Kürt partilerden belediyelerin gasp edilmesine tepki

Kürt Partiler: Kayyum, sadece HDP’nin, Kürdistani seçim ittifakının ve Kürt halkının sorunu değildir; tüm Türkiye halklarının, tüm demokrasi güçlerinin ortak sorunudur.

İçişleri Bakanlığı tarafından Amed Büyükşehir Belediye Eşbaşkanı Selçuk Mızraklı, Mardin Büyükşehir Belediye Eşbaşkanı Ahmet Türk ve Van Büyükşehir Belediye Eşbaşkanı Bedia Özgökçe’nin görevden alınması ve yerlerine AKP’li gaspçının atanmasına tepkiler sürüyor. Halkların Demokratik Partisi’nin yerel seçimler kapsamında ittifak sağladığı, Azadî Hareketi, İnsan ve Özgürlük Partisi (PÎA), Kürt Demokratlar Platformu (KDP), Kürdistan Komünist Partisi (KKP), Devrimci Demokratlar (DDKD) ve Kürdistan Demokrat Partisi Türkiye (TKDP), kayyum atanmalarına karşı HDP Amed İl Binası’nda ortak basın toplantısı düzenledi. Toplantıya Demokratik Toplum Kongresi (DTK) Eşbaşkanı Berdan Öztürk, HDP’li milletvekilleri ve Kürt parti temsilcileri katıldı.

HALKIN İRADESİNE YAPILAN BİR GASP

KKP Genel Başkanı Sinan Çiftyürek tarafından okunan ortak açıklamada şunlar belirtildi: “Halkın iradesi ile seçilen 3 büyükşehir belediye başkanlarının, İçişleri Bakanlığı’nın gösterdiği gerekçeyle görevden alınıp, bu şekilde yerlerine kayyım atamasını halkın iradesine yapılan bir gasp, hukuka ve demokrasiye yapılmış bir darbe olarak görüyoruz.

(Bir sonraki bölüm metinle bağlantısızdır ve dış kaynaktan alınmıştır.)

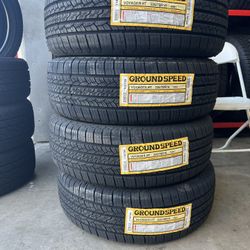 235 70 16 Groundspeed voyager HT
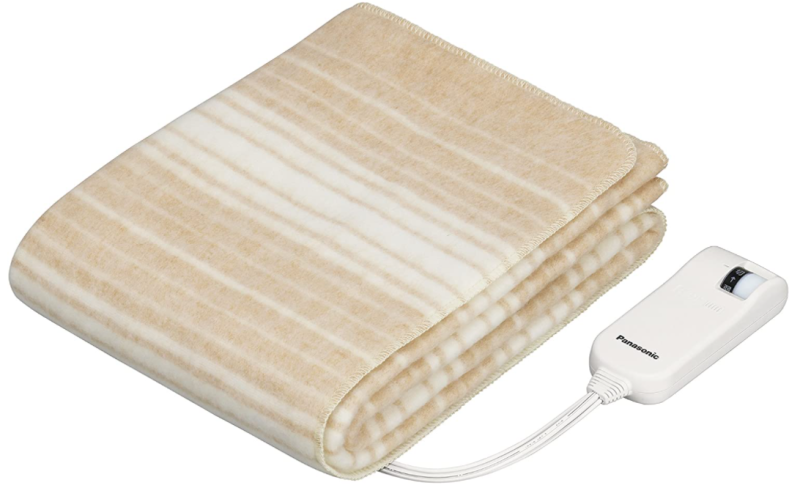 Panasonic 國際牌 電熱毯 DB-U31S DB-U31LS 可水洗 室溫傳感器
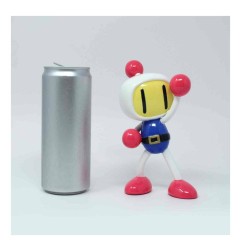 Bomberman - Statuette Mini Icons 15 cm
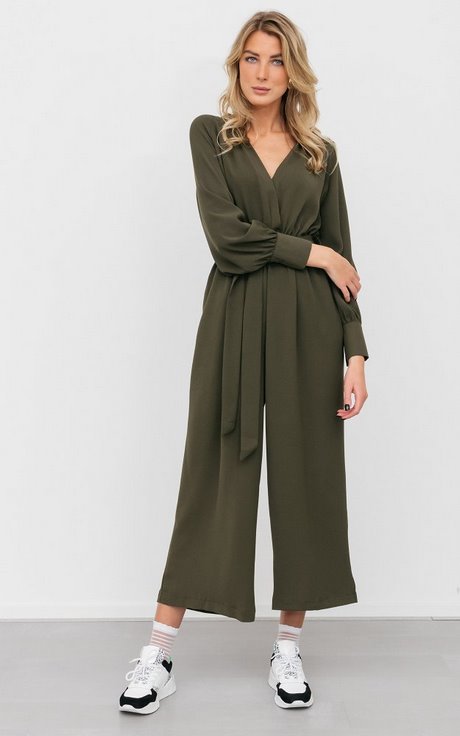 Lange jumpsuit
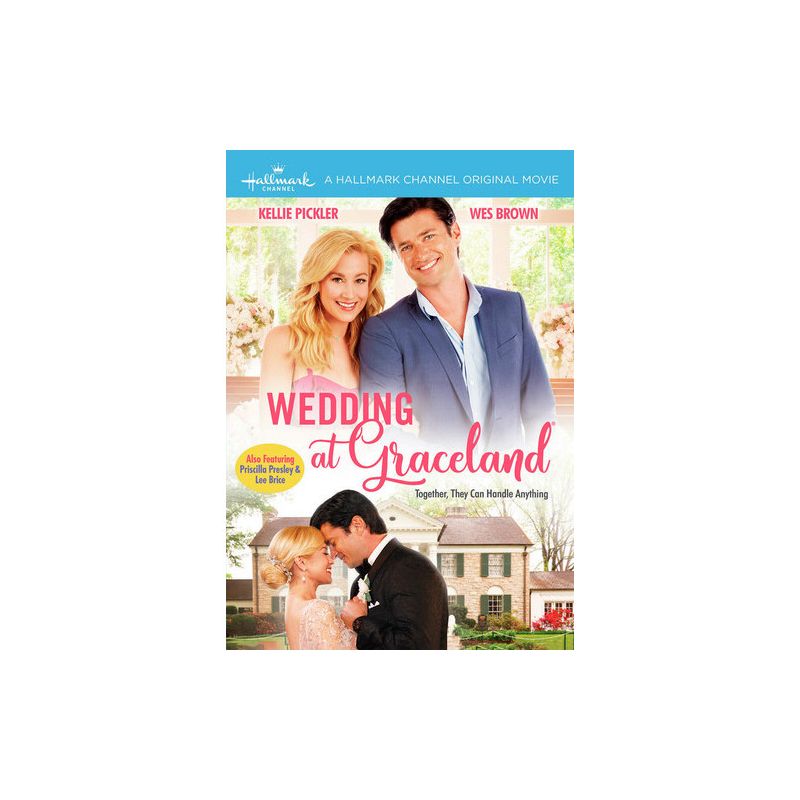 Wedding at Graceland (DVD), 1 of 2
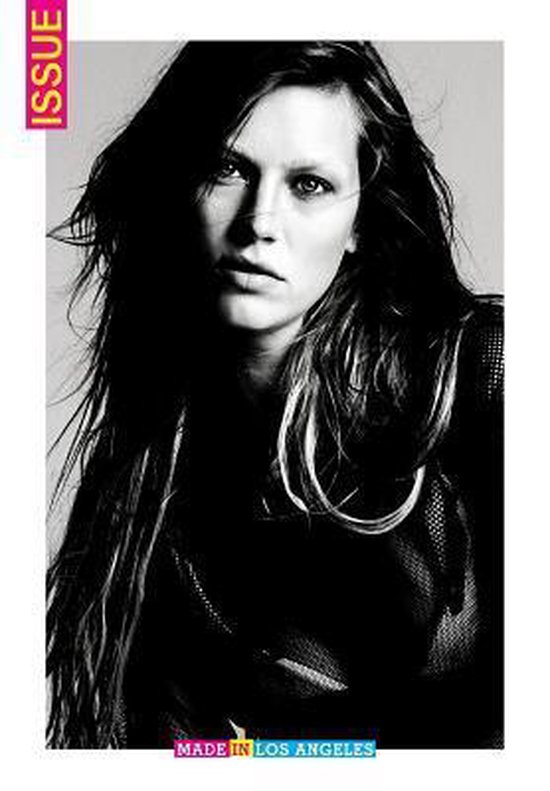 Issue Magazine - cover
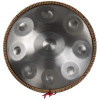 TUGA 9 Poznámka: 432Hz D-moll Silver - Handpan
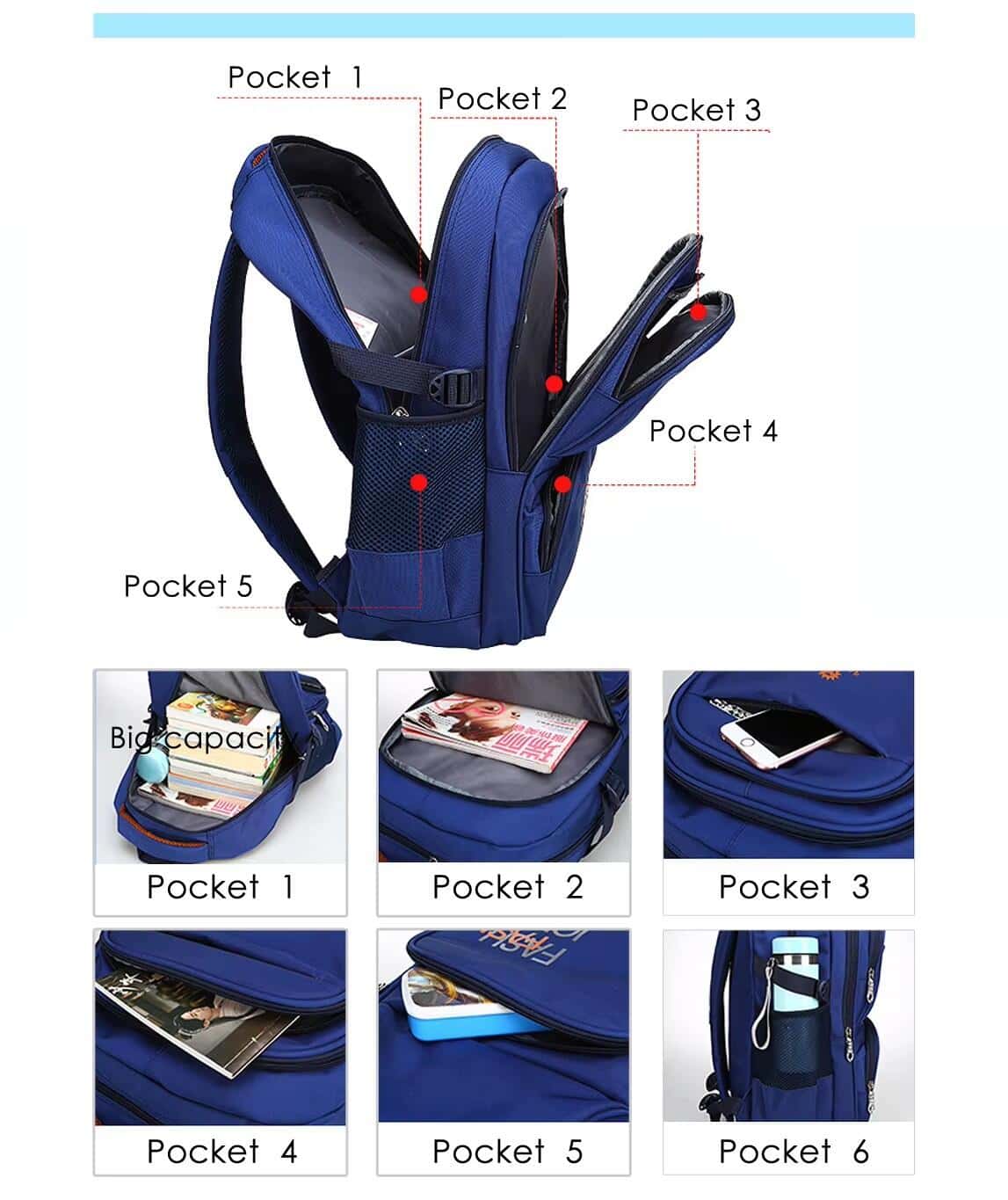 school bag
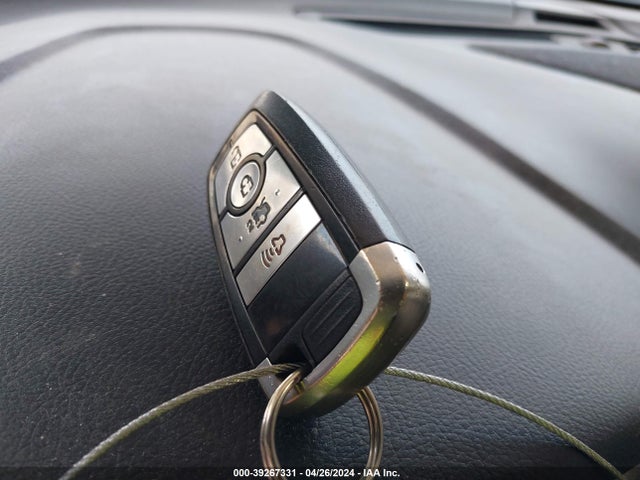 Ford Fusion Hybrid S 2018 3FA6P0UU6JR191997 Image 11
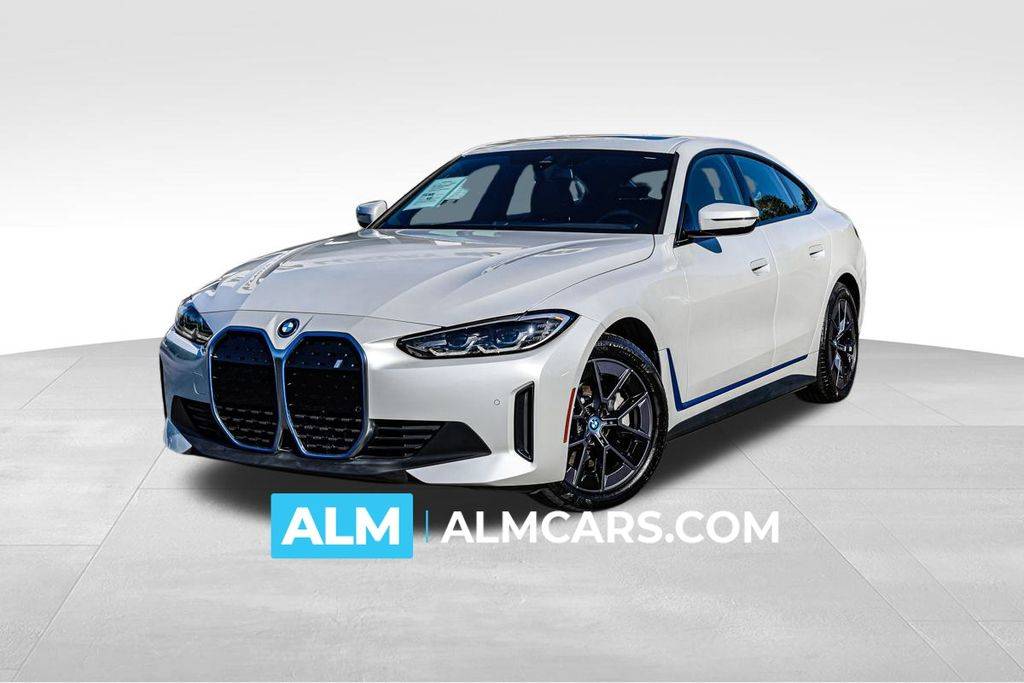 2023 BMW i4 eDrive40 — Sedan — 2,443 mi — Newnan, GA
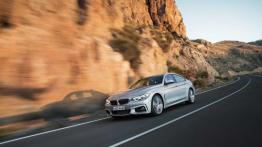 BMW 435i Gran Coupe (2014) - widok z przodu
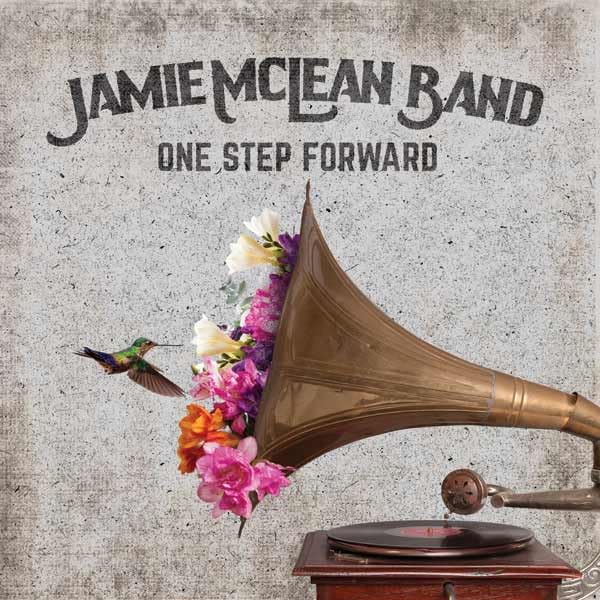Jamie McLean - One Step Forward - Import CD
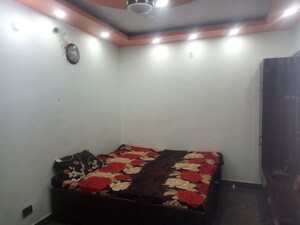 Bedroom in 1 BHK Independent House at Alpha Ii Greater Noida – for Rent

2016’dan başlayarak, iki dönemdir başa gelen belediye başkanlarını ekseriyetle, tutarlı hiçbir hukuki gerekçeye dayanmadan görevden alınmaları, yerlerine kayyımların atanmaları, toplumu sivil ve meşru siyasetten, demokrasiden uzaklaştırma çabasıdır. AKP hükümetinin iktidar olduğu günden beri sürekli üzerine vurguladığı halkın iradesinin üstünlüğünü, demokrasi ve adaletin güçlenmesi gerektiği söylemlerini kayyım süreci pratiğiyle kendi ile çeliştiği ve kendi hukukunu çiğnediğini göstermiştir.

AKP iktidarı ortaya koyduğu bu tutum ile demokrasiden umudunu kestiğini göstermiştir. Öyle görünüyor ki Türkiye’de demokrasinin güçlenmesi istenmemektedir. Biz Kürdistani parti ve oluşumlar olarak; bu tür anti-demokratik ve siyasi kararları kınadığımızı ve tanımadığımızı deklare ediyoruz. Bu kayyım kararları Türkiye demokrasisine ve halkımızın iradesine vurulmuş bir darbedir.

Bu sadece HDP’nin, Kürdistani seçim ittifakının ve Kürt halkının sorunu değildir; tüm Türkiye halklarının, tüm demokrasi güçlerinin ortak sorunudur. Bu tutuma karşı suskun kalmak, onaylamaktır. Bizler; uluslararası kamuoyunu, AB Komisyonunu, Avrupa Konseyi Yerel Yönetimler Komitesi’ni ve BM’yi bu anti-demokratik kayyım kararına karşı net tavır almaya çağırıyoruz.”